Poner buena cara y sonreir

lunes, 29 de septiembre de 2014

Despedidas.

Todo aquel que se despide de alguien tiene la esperanza de volver a encontrarse a esa persona cualquier día, en cualquier lugar y a cualquier hora. Suele pensar en el reencuentro para no sentirse tan culpable al decidir marcharse, sea por el motivo que sea.
Y quizás vuelva a encontrarse a esa persona, pero normalmente no ocurre eso, de hecho, a pocas personas he visto despedirse sabiendo con certeza que volverían a verse.
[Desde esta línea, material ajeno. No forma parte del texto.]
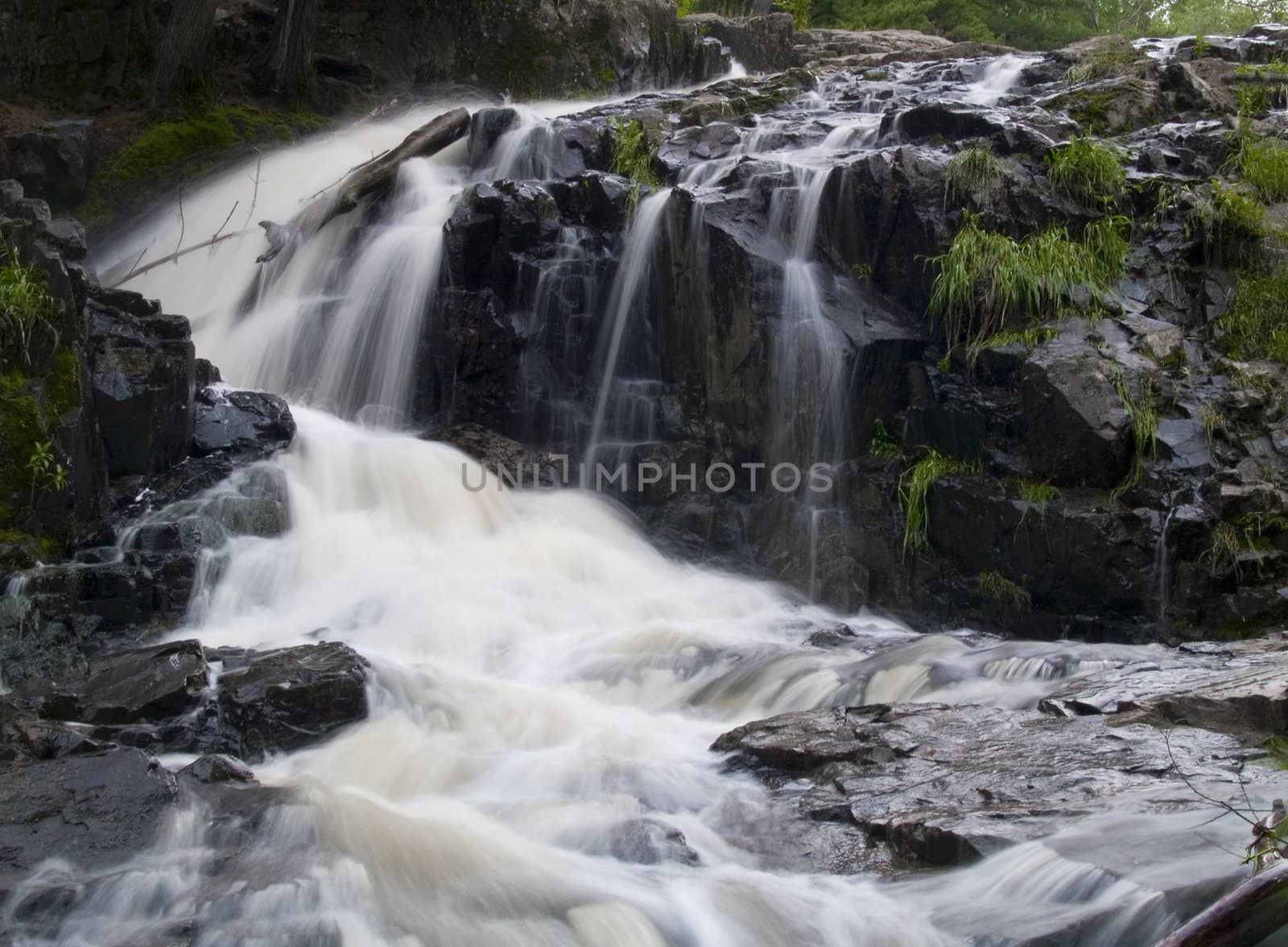 Waterfall Around Stone by CalamityJohn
Despedirse no solamente implica el dolor de alguien al ser consciente de que echará de menos a esa persona, el dolor que provoca una despedida viene también justo en el momento que pensamos que, quizás, con el tiempo terminaran olvidándonos.
A veces nos centramos tanto en pensar que pueden olvidarnos que, sin querer, terminamos olvidándonos a nosotros mismos. Nos abandonamos, abandonando así también al amor propio que cada uno de nosotros debe tener.
"Crecer es aprender a despedirse" Bien, pues yo sigo siendo una niña.
Nunca me he despedido de la persona que quiero riendo, prefiero las lagrimas a la falsedad de una sonrisa.
De cualquier forma, hay algo peor que una despedida; el abandono.
Que alguien se vaya sin haberte avisado y pasar la vida pensando en una vuelta que sólo
llevaba una ida.

El día que consiga despedirme de la persona que quiero sin que duela será el día que me lleven flores al sitio típico que todo el mundo va a llevarlas. Dudo mucho que yo consiga crecer, de hecho me sigue soliendo despedirme tanto como tiempos atrás. No he madurado, sigo llorando cada vez que escucho un portazo. Por mi, quien quiera irse dejándome una nota mostrando así la cobardía, que lo haga. Pero me limpiaré el culo con ella.
Si estoy dejando claro que lo único que odio en esta vida son las despedidas, bien claro quiero dejar también que odio a la gente que se va siendo un cobarde, como por ejemplo puede ser el de no avisar.

jueves, 4 de septiembre de 2014

Una simple carta.

Siento haberte decepcionado. En realidad, creo que es demasiado fácil hacerlo cuando no espero nada de mí mismo. Ni siquiera sé quién soy. Llevo unas semanas en las que parece que el mundo se esté encogiendo, y cada vez hay menos aire, y yo me pongo más nervioso. Hace mucho que no lloro. Mi tristeza es una de esas que se ocultan por vergüenza. Sé que hay motivos suficientes para ser feliz, pero si me pongo a buscarlos no los encuentro. Y eso me desespera, así que ya ni me lo propongo. Ahora me dejo marchitar, como le puede pasar a una flor que no puede luchar contra el invierno. Sí que es cierto que luego llega la primavera, y de aquella flor vuelven a brotar los colores de otra vida. Han sido millones de años de evolución. A mí, sin embargo, sea la estación que sea, nunca se me ocurre recuperarme. Hoy, por ejemplo, al despertarme y mirar por la ventana, y ver el día gris que hacía, me he dicho “ni lo intentes”. Y desde entonces estoy ahogando la soledad en alguna esquina de la casa, como si tratase de adoptar la postura más cómoda con la que sentarme a esperar algo. Ni siquiera sé lo que espero. Qué putada más grande. Ojalá tú estés siendo muy feliz. O feliz, a secas. Miénteme, si acaso no lo estás siendo. Necesito saber que alguien supo salir a tiempo de esta debacle, y que hay vida después de aquí. Cuando yo me doy cuenta de que estoy condenado a quedarme, me gusta pensar que en el mundo tiene que haber un necesario equilibrio. Y que algunas personas tienen que perderse del todo, para que otras puedan apreciar lo maravilloso que debe de ser haber encontrado su lugar en el mundo. Prométeme que encontrarás ese sitio. Yo me perderé por ti, si hace falta.